- [WHAT THIS TASK INVOLVES]: From the first line down to the one containing "Moedas De Euro，Dinheiro PNG", reproduce the entries below exactly and leave out the pictures.

- [EXTRACTED INFORMATION]:
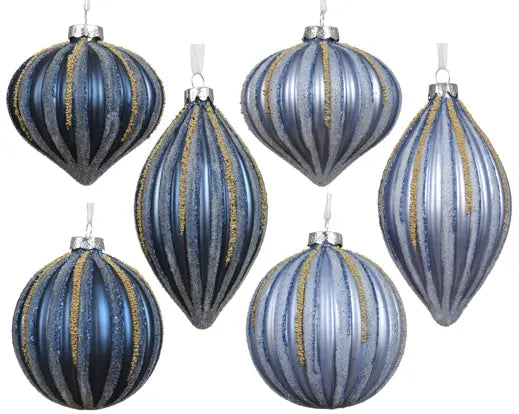 Garden Foggia - Decorazioni Assortite 1 Pz Blu e Glitter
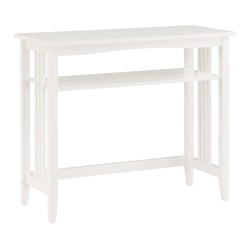 Office Star™ Sierra Rectangle Foyer Table, 30"H x 36"W x 15-3/4"D, White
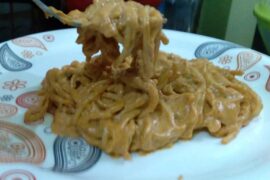 Creamy garlic spaghetti for the first time as a beginner...please help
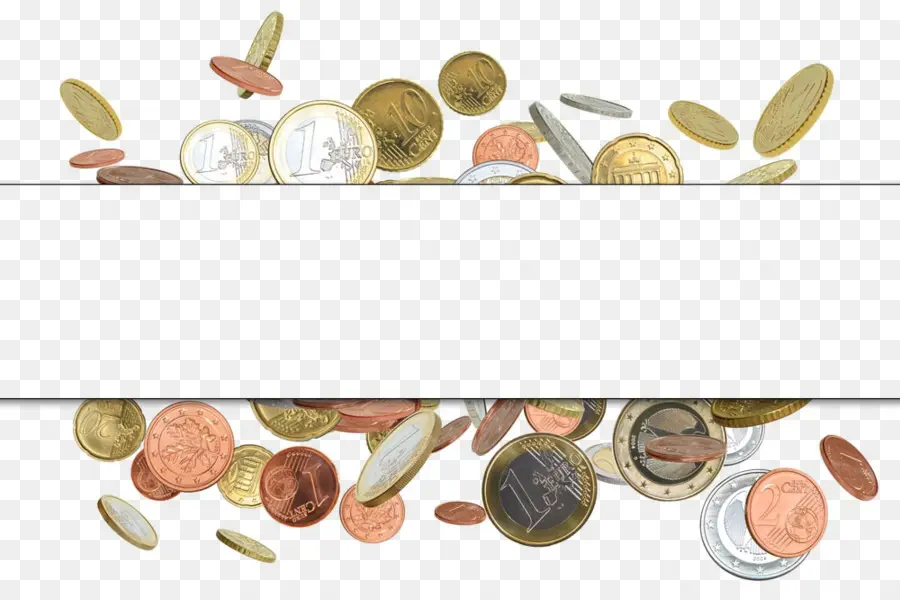 Moedas De Euro，Dinheiro PNG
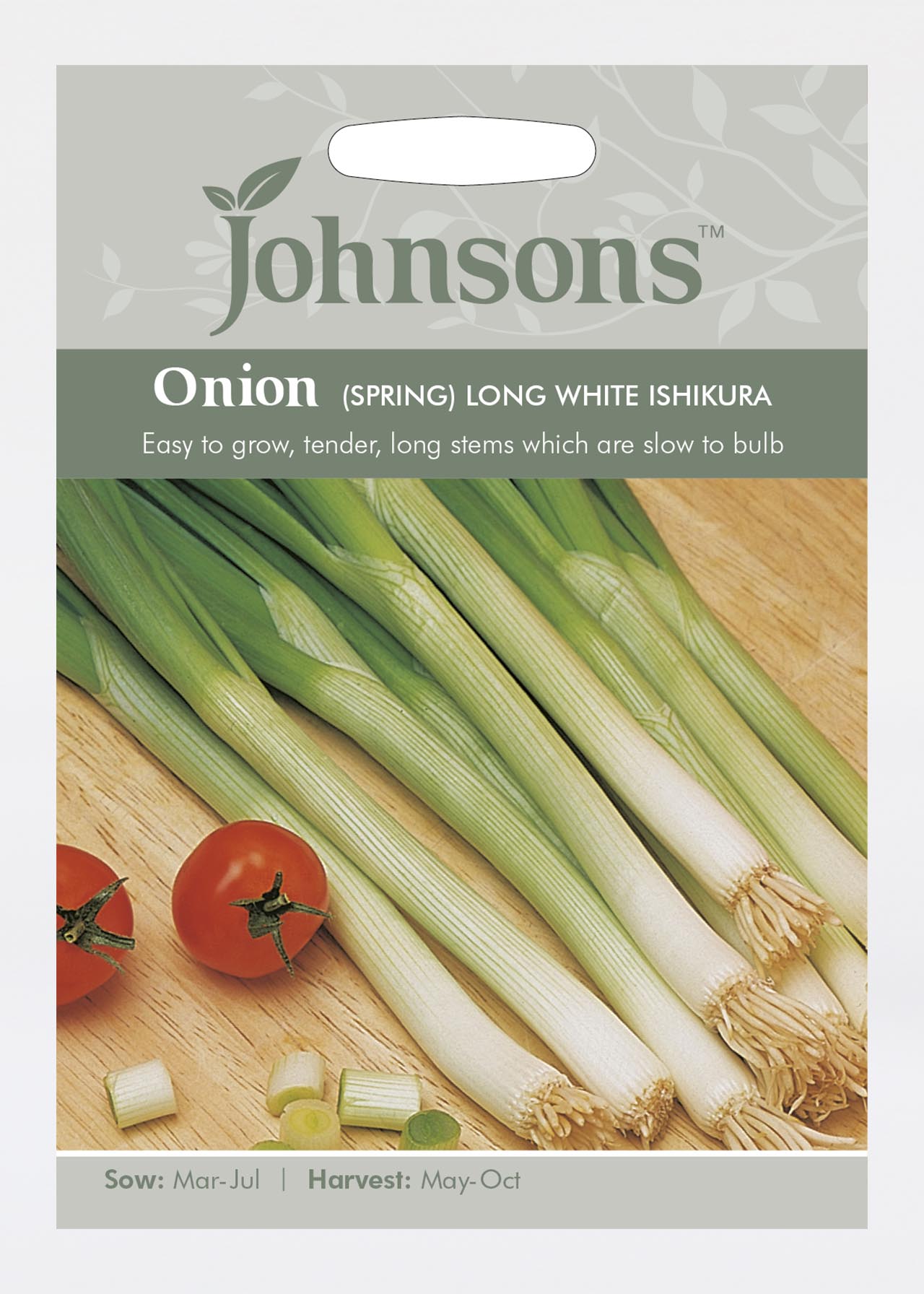 Onion (Spring) Long White Ishikura Seeds | Dobbies Garden Centres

- [ANSWER BOX]:
 Garden Foggia - Decorazioni Assortite 1 Pz Blu e Glitter
 Office Star™ Sierra Rectangle Foyer Table, 30"H x 36"W x 15-3/4"D, White
 Creamy garlic spaghetti for the first time as a beginner...please help
 Moedas De Euro，Dinheiro PNG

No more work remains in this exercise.